The thing about eating a good meal is that, no matter how full we get, our bodies get hungry again. And I find it's the same with God's love: no matter how wonderful an assurance we have of His love, we have to keep seeking for a fresh assurance and experience of His love every single day. And just like it'd be crazy to turn down a meal because "I ate like a king a couple of weeks ago," so also should it be unacceptable to go for extended stretches without a fresh experience and assurance of the love of God. David's testimony has encouraged me to seek to be "satisfied with (the) marrow and fatness" of God's great love every single day, to make that my testimony as well.

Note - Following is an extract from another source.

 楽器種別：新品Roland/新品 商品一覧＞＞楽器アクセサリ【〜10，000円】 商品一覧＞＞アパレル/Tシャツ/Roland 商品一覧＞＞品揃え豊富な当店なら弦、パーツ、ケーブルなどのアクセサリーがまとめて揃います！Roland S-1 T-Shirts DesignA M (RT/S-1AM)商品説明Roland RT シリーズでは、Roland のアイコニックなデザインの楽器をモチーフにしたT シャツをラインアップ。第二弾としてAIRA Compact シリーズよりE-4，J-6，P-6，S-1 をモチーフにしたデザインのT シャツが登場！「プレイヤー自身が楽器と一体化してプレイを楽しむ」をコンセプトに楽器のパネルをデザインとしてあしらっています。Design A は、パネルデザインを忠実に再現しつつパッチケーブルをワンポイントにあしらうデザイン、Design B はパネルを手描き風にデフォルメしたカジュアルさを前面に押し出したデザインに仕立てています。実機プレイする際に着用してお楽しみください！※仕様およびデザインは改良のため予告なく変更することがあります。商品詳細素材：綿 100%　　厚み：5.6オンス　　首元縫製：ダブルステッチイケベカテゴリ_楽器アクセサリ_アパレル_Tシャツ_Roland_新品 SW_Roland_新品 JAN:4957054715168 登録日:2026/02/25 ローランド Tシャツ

The Ephesian church was one of the best churches that the Apostle Paul planted. It is the only letter he wrote to a church that didn't contain any correction. In this letter, the Apostle tells the Ephesians that he prays regularly for them. Imagine what he must have prayed for these mature believers, in whom he saw such cause for confidence, what heights of revelation he felt they must be worthy to receive. In Ephesians 3:18, Paul reveals what his great prayer on the behalf of the mature believers in Ephesus was: that God would grant them the ability "to comprehend with all the saints what is the breadth and length and height and depth of the love of Christ, which surpasses knowledge."
I have become convinced that seeking for greater and greater revelations of God's love for me, far from being the indulgence of a mere spiritual "infant," is one of the most profitable pursuits a growing Christian can engage. No matter what our spiritual maturity level, God's love must be the source of all of our rejoicing (Luke 10:20), all of our peace (Matthew 6:25-34, Proverbs 27:7), and the spring from which all of our Christian work flows (Matthew 11:29-30, Genesis 29:20).
And I have seen a special promise for those who long to know His love more:
“Behold, the eye of the LORD is on those who fear Him,
On those who hope (or, "wait") for His lovingkindness,
To deliver their soul from death
And to keep them alive in famine.”
Psalms 33:18-19 NASB
As I look to Him to receive the satisfaction of a fresh immersion in His love, I can trust that He is also looking to me to keep me in fellowship with Him (deliver my soul from death), and to keep me spiritually well-fed in these days of spiritual famine (Amos 8:11).